Description of the task:
Only lines with the word "tree" belong in the answer; copy them from the records below.

[[ Material to process, beginning ]]

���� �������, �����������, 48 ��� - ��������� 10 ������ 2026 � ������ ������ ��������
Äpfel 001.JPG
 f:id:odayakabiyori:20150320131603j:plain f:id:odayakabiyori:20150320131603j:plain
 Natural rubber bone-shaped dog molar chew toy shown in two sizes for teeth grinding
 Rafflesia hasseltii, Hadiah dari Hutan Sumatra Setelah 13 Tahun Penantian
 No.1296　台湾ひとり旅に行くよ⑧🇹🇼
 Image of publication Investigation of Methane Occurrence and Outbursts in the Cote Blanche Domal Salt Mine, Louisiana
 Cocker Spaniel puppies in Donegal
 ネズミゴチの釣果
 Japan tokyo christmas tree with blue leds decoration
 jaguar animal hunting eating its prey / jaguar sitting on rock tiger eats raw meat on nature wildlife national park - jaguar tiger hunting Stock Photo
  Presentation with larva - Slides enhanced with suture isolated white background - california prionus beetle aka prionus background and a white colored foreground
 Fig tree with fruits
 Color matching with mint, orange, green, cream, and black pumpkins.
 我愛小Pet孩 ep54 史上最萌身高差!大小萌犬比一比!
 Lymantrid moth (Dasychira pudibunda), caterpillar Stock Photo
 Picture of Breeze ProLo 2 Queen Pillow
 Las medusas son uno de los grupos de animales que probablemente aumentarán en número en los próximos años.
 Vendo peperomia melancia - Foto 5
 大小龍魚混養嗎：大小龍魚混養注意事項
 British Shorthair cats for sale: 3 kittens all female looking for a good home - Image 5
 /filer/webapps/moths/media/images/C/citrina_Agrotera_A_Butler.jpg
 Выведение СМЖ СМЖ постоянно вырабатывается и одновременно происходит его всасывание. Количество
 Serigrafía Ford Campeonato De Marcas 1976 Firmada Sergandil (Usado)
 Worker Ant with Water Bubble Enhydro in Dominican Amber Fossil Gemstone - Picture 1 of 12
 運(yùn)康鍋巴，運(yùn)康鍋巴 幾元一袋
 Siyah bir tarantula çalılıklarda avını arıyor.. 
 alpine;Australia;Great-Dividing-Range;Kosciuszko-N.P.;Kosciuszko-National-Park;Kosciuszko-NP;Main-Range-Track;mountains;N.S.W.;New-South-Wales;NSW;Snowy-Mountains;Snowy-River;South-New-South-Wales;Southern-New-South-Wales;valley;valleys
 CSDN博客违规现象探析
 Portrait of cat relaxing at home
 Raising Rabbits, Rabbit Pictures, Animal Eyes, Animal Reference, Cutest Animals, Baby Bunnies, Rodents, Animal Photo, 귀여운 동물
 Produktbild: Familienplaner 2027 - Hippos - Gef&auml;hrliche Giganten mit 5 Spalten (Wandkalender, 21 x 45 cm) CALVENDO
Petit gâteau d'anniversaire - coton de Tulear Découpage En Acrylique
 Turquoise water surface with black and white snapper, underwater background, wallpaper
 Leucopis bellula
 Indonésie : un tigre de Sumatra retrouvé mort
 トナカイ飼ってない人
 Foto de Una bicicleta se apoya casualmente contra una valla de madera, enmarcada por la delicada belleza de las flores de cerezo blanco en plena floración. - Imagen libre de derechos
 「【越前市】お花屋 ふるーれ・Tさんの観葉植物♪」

[[ Material to process, end ]]

Output for this exercise:
 Japan tokyo christmas tree with blue leds decoration
 Fig tree with fruits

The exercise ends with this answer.